E – Que tipo de ferramenta você acredita ser efetiva para o engajamento dos colaboradores na questão da sustentabilidade?

RV – A mais importante é quando a empresa atrela a remuneração variável aos resultados de sustentabilidade. Isto significa que o tema deixou de ser objeto de alguns projetos e iniciativas isoladas e entrou no planejamento. Você coloca o executivo para pensar não só no resultado econômico, mas também nas metas de sustentabilidade, isto é o que a gente chama de moldar o sistema de recompensa.

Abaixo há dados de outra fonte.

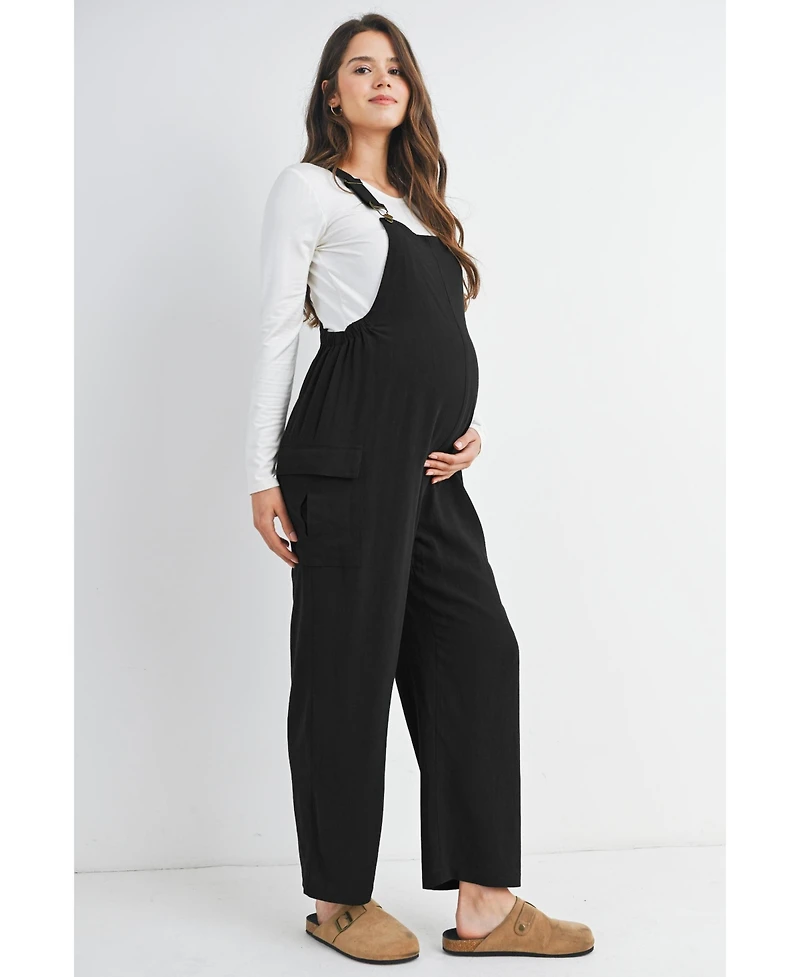 Hello Miz Maternity Straight Leg Adjustable Overalls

E – Essas empresas que estão engajadas na questão da sustentabilidade encontram algum tipo de entrave no mercado? O mercado está preparado para esta mudança?

RV – O mercado vem se preparando. Tenho uma tese de que a sustentabilidade é uma espécie de revisão do capitalismo. É como se fosse um novo elemento regulando o sistema. Isto obriga a uma revisão de princípios e práticas, que não acontece tão rapidamente, mas as empresas estão crescentemente mais abertas. Pela minha própria experiência pessoal, nos últimos cinco anos, a gente trabalhou dez vezes mais do que a gente trabalhou nos primeiros anos. O período de transição é longo. Algumas empresas estão preocupadas com o custo que essas mudanças podem trazer, e este é um raciocínio muito focado no curto prazo. Elas ficam adiando esses investimentos sob as mais diferentes alegações. Mas as empresas que são realmente líderes já entenderam a importância do tema e estão trabalhando para mudar.

E – As empresas que não mudarem, vão deixar de existir?

RV – Alguns setores empresariais não conseguem focar a sustentabilidade com um olhar de oportunidade. Eles enxergam como um risco. As mudanças necessárias vão alterar o seu modelo de negócio e essas empresas não querem correr esse risco. Imagino que vai acontecer com a sustentabilidade algo semelhante ao que aconteceu com a qualidade total. Na década de 1980, ela era um diferencial, hoje é uma exigência básica. Daqui a uns dez anos, a sustentabilidade vai ser um pré-requisito para se atuar em qualquer negócio. Se você não tiver, você está fora. E isto virá por meio de regulações públicas e autorregulações, e dos consumidores que exigirão das empresas que elas tenham esses compromissos.